Next we define a View for how to get a list of date columns to inspect this time around. While the base of this is the view we just defined for fetching the metadata, my data warehouse is so large that this would give me thousands of columns to analyse. While I do want to analyse them all, on any day when I run this, I won't want to re-analyse ones that I've done somewhat recently.
To that end, I compare to the Bank table and look at the dates a column was last analysed. Similarly, if I had to interrupt during a run then I don't want to re-analyse ones that I've just done, but which are pending my end-of-run step to merge into the Bank table.
Both of those checks are simply LEFT OUTER JOINs and testing for a match through them.
REPLACE VIEW
myuid.Prefix_DQ_C_DTC_DateColumns_BeyondDaystoRefresh
AS
(
SELECT
GetDateCols.Dbn ,
GetDateCols.Tbn ,
GetDateCols.Cln ,
( CURRENT_DATE - Overdue_Holdings.Max_LastCheckedAtDate ) AS DaysSinceLastCheck ,
CASE
WHEN DaysSinceLastCheck IS NULL THEN 'A'
ELSE 'B'
END AS LastCheckCategory
FROM
myuid.Prefix_DQ_C_DaystoRefresh AS D_T_R
CROSS JOIN
myuid.Prefix_DQ_C_DTC_DateColumns_Potential AS GetDateCols
LEFT OUTER JOIN
( -- Overdue_Holdings
SELECT
DatabaseName ,
TableName ,
ColumnName ,
MAX( LastCheckedAtDate ) AS Max_LastCheckedAtDate
FROM
TempDbs.Prefix_DQ_ExtremeDatesInColumns_Bank
GROUP BY
DatabaseName ,
TableName ,
ColumnName
) AS Overdue_Holdings ON
Overdue_Holdings.DatabaseName = GetDateCols.Dbn
AND
Overdue_Holdings.TableName = GetDateCols.Tbn
AND
Overdue_Holdings.ColumnName = GetDateCols.Cln
LEFT OUTER JOIN
( -- During_Run = this is here to allow for the meta-SQL generation step to be stopped and re-started
SELECT
DatabaseName ,
TableName ,
ColumnName ,
MAX( LastCheckedAtDate ) AS Max_LastCheckedAtDate
FROM
TempDbs.Prefix_DQ_ExtremeDatesInColumns_Run
GROUP BY
DatabaseName ,
TableName ,
ColumnName
) AS During_Run ON
During_Run.DatabaseName = GetDateCols.Dbn
AND
During_Run.TableName = GetDateCols.Tbn
AND
During_Run.ColumnName = GetDateCols.Cln
WHERE
Overdue_Holdings.Max_LastCheckedAtDate IS NULL
OR
Overdue_Holdings.Max_LastCheckedAtDate + D_T_R.DaystoRefresh > CURRENT_DATE
AND
During_Run.Max_LastCheckedAtDate IS NULL
)
;
Next we define a View to provide a constant value for the number of years after the current year to treat as an extreme date.

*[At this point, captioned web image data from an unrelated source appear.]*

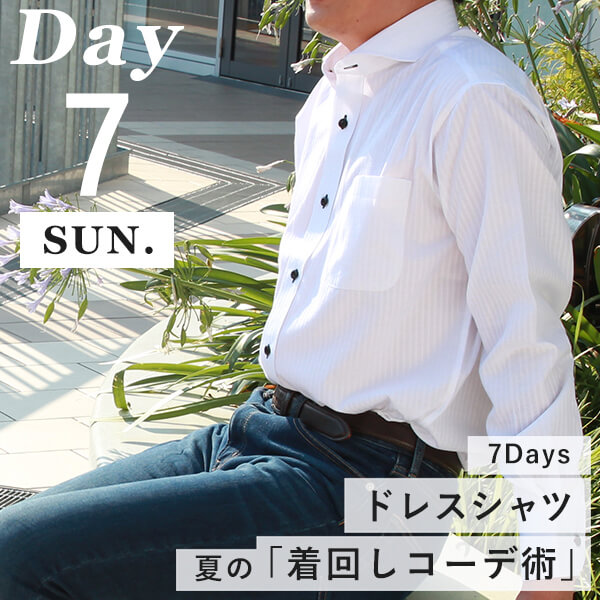 コーディネート日曜日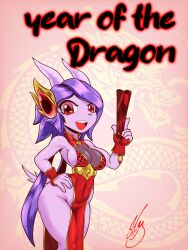 1girl alternate_hairstyle barely_sly breasts chinese_clothes cleavage covered_navel curvy dragon_horns dragon_tail eyelashes fan fingerless_gloves freedom_planet furry galaxytrail gloves hand_on_own_hip headgear highres holding horns large_breasts long_hair looking_at_viewer no_panties open_mouth pelvic_curtain purple_hair red_background red_eyes sash_lilac sideboob skin_tight skindentation smile standing tail thick_thighs thighs twintails very_long_hair wide_hips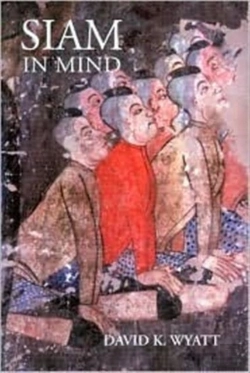 Bertrand.pt - Siam In Mind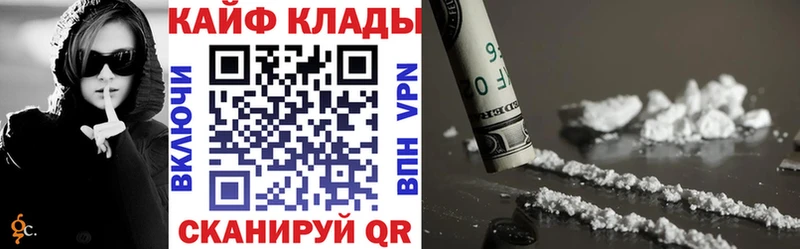 Магазин наркотиков Павловск Псилоцибиновые грибы Каннабис Меф мяу мяу Alpha-PVP АМФЕТАМИН Гашиш КОКАИН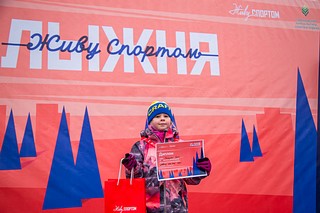 Открытая лыжная ретрогонка прошла в Одинцовском парке культуры, спорта и отдыха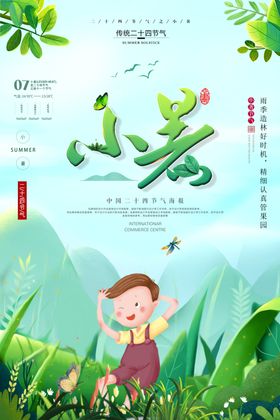 小暑中国风传统古风节气海报展板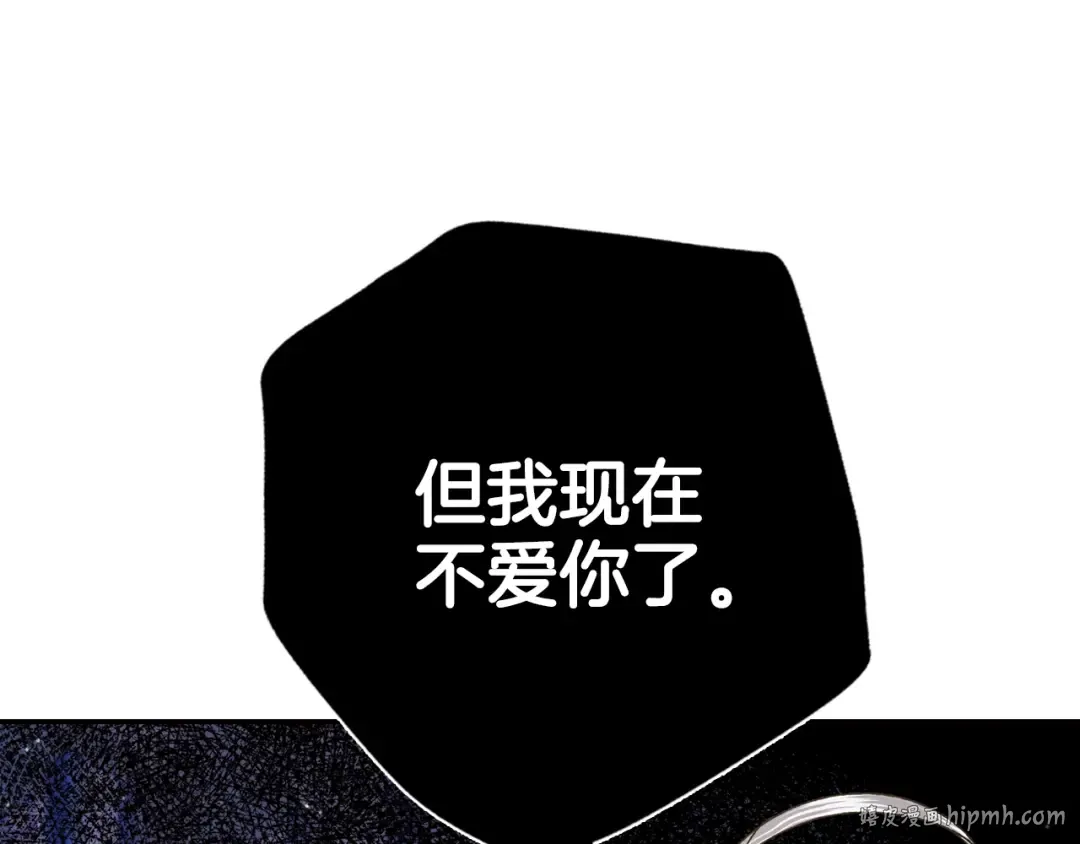 第42话 壁咚 第72页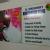 Dr. Shashidhar's Homeopathic Clinic Image 2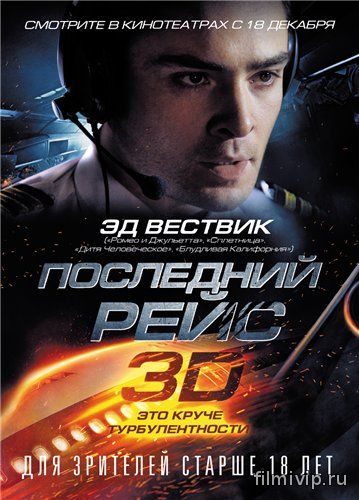 Последний рейс / Last Flight (2014)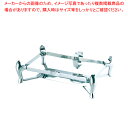 KINGOチェーフィング用スタンド デラックスタイプ C60【業務用 調理器具 厨房用品 厨房機器 プロ 愛用 販売 なら 名調】【ECJ】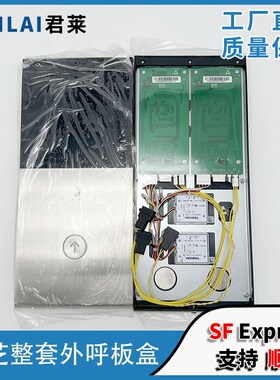 东芝电梯外呼面板整套外呼盒并联外呼盒ND-SDD-TH_V2 东芝外呼板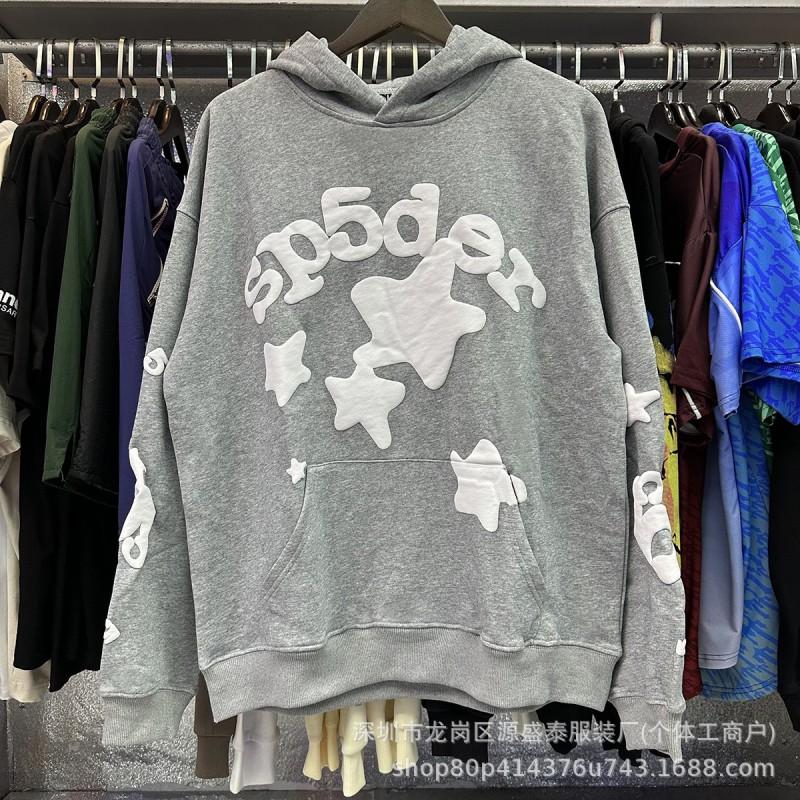2026 Unisex 555555 Mesh Foam Print Hip Hop Loose Heavyweight Fleece Hooded Sweatshirt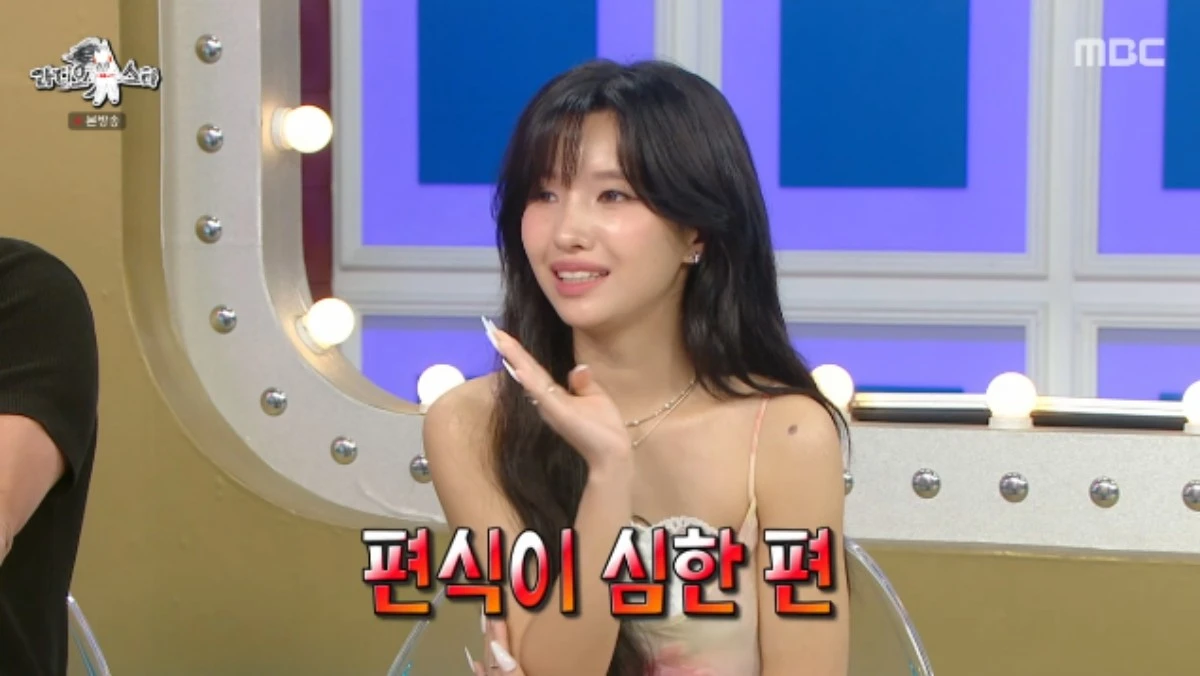 MBC 예능 프로그램 '라디오스타' 방송화면 캡처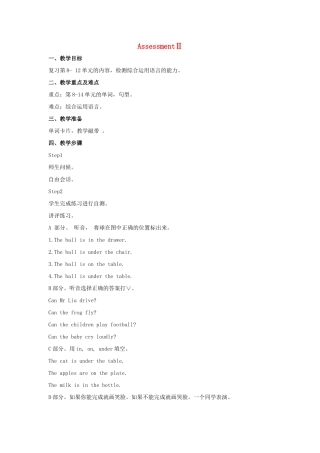 四年级英语上册 Assessment Ⅱ教案 湘少版-湘少版小学四年级上册英语教案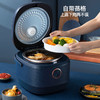 【小家电】龙的智能电饭煲LD-FS301A HF 商品缩略图4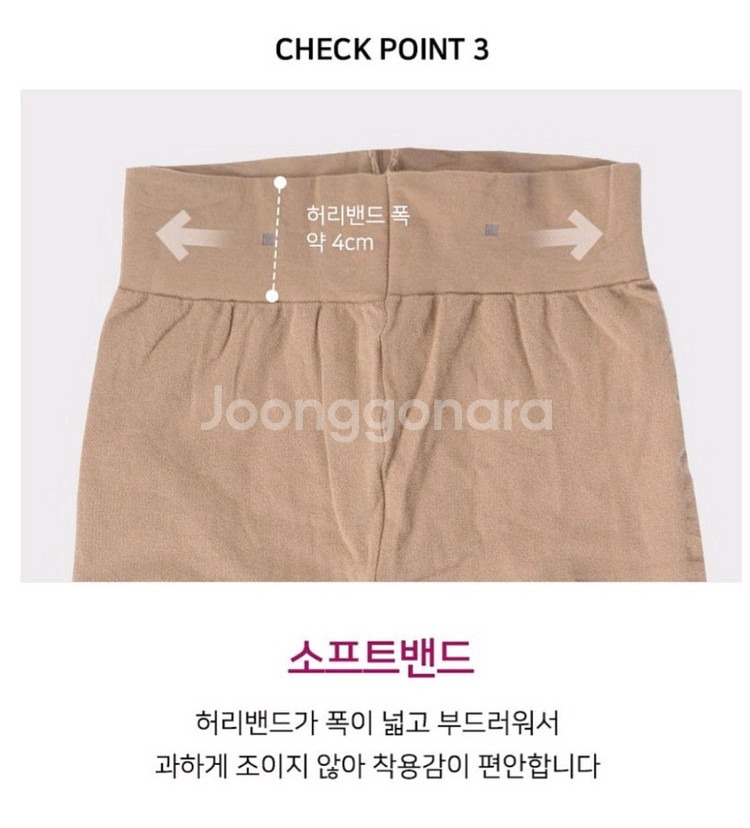 비너스 18D 압박 레그컨트롤 스타킹 블랙--7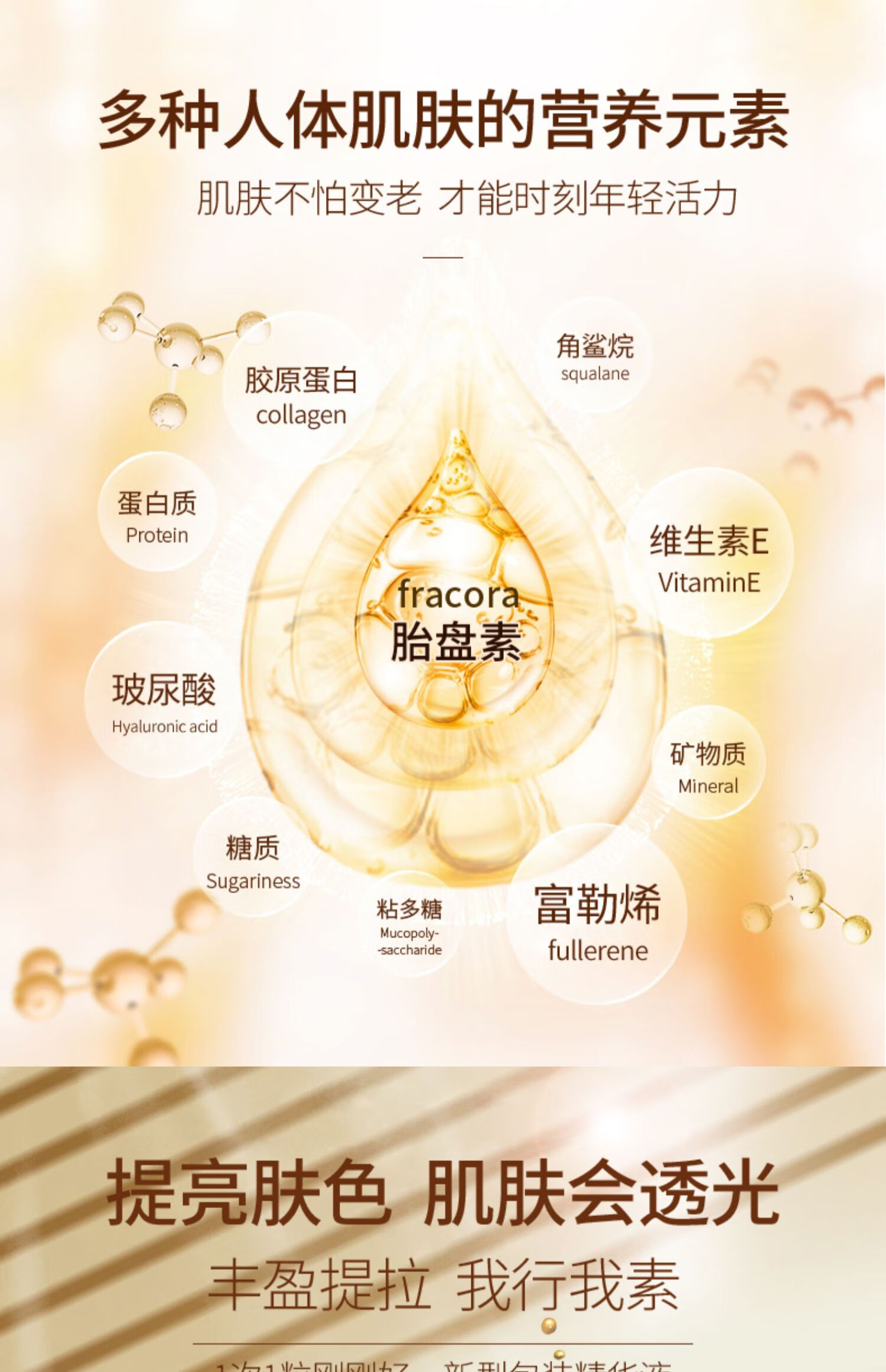 美人符美人符富胎盘素精华液肌肤柔嫩细滑提升肌肤水润度舒润肌肤干燥 1盒（37颗）
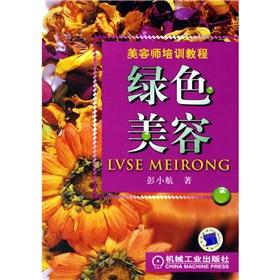 Imagen del vendedor de Beautician training course: Green Beauty a la venta por liu xing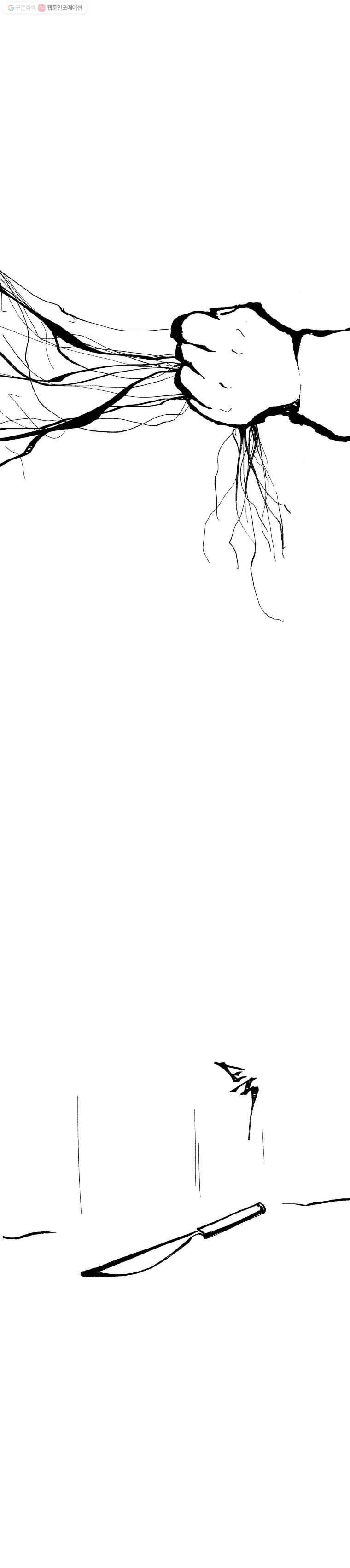 닭은 의외로 위대하다 4.닭 도둑 13 8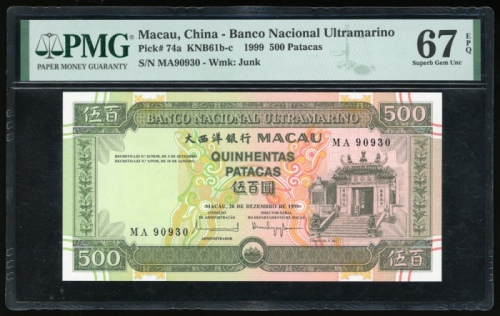  1999年澳门大西洋国海外汇理银行500元，编号MA90930，PMG 67EPQ Banco Nacional Ultramarino, Macau, 500 patacas, 1999, seri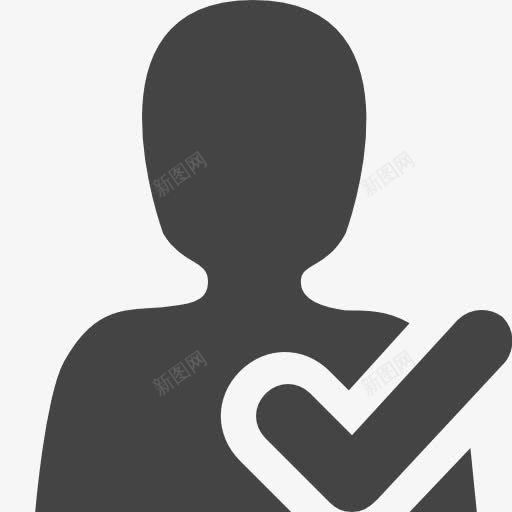 用户检查图标png_新图网 https://ixintu.com 人 头像 检查 贴的人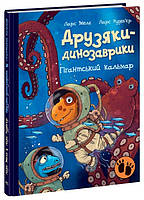 Гігантський кальмар. Друзяки-динозаврики - Ларс Мале. Книги про динозавров для детей 4-5-6-7 лет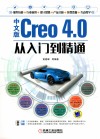 Creo 4.0从入门到精通  中文版 封面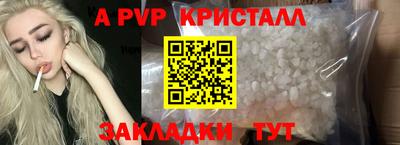 бутик Янаул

The setting here is quite arbitrary, but you should think carefully about setting it to zero or one - you might be surprised to find out how often your data includes "next year" or "next decade" values to be valid in various places.
REPLACE VIEW
myuid.Prefix_DQ_MetaSQL_V_YearsAfterCurrent
AS
(
SELECT
150 AS YearsToSkip_Int ,
TRIM( CAST( YearsToSkip_Int AS VARCHAR(8) ) ) AS YearsToSkip_Str
)
;
Next we define the View that will be the SQL script builder for analysing the columns. I've been writing this kind of thing for many years. While it's always a bit messy doing this, hopefully you can read through the construction aspects and get a feel for what the SQL it generates will look like.
REPLACE VIEW
myuid.Prefix_DQ_MetaSQL_V_ExtremeDatesInColumns
AS
(
SELECT
(
'INSERT INTO ' ||
'TempDbs.Prefix_DQ_ExtremeDatesInColumns_Run ' ||
'( DatabaseName, TableName, ColumnName, DateValue, PresenceCount, LastCheckedAtDate ) ' ||
'SELECT ' ||
'''' || Dbn || ''' AS Db_N , ' ||
'''' || Tbn || ''' AS Tb_N , ' ||
'''' || Cln || ''' AS Cl_N , ' ||
Cln || ' AS DateValue , ' ||
'COUNT( ' || Cln || ') AS PresenceCount , ' ||
'CURRENT_DATE AS LastCheckedAtDate ' ||
'FROM ' ||
Dbn || '.' || Tbn || ' ' ||
'WHERE ' ||
'EXTRACT( YEAR FROM ' || Cln || ') > EXTRACT( YEAR FROM CURRENT_DATE ) + ' || Y_A_C.YearsToSkip_Str || ' ' ||
'GROUP BY ' ||
Cln || ' ' ||
';'
) AS SqlStr ,
( LastCheckCategory || '#' ||
CAST( ( DaysSinceLastCheck (FORMAT '99999') ) AS CHAR(2) ) || ':' ||
( Dbn || '.' || Tbn || '.' || Cln )
) AS Sorter
FROM
myuid.Prefix_DQ_MetaSQL_V_YearsAfterCurrent AS Y_A_C
CROSS JOIN
myuid.Prefix_DQ_C_DTC_DateColumns_BeyondDaystoRefresh AS GetDateCols
)
;
While the sorter
column is both optional and arbitrary, the way I've constructed it here will let us prioritise columns that have not been analysed yet and then those done longest ago.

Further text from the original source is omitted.